───── DATA EXTRACT ─────

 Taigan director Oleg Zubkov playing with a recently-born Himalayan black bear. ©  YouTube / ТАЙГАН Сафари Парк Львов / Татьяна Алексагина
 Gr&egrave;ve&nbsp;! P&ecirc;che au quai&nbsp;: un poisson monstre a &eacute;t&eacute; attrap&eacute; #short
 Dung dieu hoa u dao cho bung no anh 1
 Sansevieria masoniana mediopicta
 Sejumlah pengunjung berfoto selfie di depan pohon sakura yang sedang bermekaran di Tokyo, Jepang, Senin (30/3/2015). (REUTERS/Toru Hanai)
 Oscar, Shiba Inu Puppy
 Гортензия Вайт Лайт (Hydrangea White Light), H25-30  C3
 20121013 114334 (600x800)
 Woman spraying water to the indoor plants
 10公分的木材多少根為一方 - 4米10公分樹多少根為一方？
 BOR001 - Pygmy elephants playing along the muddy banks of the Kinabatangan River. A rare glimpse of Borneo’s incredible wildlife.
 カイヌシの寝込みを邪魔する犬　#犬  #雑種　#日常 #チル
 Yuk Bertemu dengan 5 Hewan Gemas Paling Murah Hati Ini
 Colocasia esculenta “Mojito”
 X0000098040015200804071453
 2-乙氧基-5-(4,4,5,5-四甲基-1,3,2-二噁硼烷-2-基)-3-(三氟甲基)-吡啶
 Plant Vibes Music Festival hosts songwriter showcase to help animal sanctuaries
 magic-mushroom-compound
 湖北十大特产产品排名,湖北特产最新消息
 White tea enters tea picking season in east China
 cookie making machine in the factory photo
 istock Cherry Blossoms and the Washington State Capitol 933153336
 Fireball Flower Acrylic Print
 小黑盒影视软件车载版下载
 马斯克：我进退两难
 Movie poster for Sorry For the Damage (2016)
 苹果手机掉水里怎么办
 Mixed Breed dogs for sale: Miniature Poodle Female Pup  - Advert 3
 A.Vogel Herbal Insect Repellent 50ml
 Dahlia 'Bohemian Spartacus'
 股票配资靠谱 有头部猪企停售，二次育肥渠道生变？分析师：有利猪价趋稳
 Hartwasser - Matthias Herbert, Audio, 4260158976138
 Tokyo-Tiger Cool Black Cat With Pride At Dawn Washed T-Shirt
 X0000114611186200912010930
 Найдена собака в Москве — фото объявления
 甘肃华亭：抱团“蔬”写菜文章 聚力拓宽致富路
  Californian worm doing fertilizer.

─────

> EXERCISE
Going down the listing above, begin printing at the line with "White tea enters" and finish with the line with "Movie poster for Sorry For the Damage (2016)", exactly as they appear.

> ANSWER TO THE PROBLEM
 White tea enters tea picking season in east China
 cookie making machine in the factory photo
 istock Cherry Blossoms and the Washington State Capitol 933153336
 Fireball Flower Acrylic Print
 小黑盒影视软件车载版下载
 马斯克：我进退两难
 Movie poster for Sorry For the Damage (2016)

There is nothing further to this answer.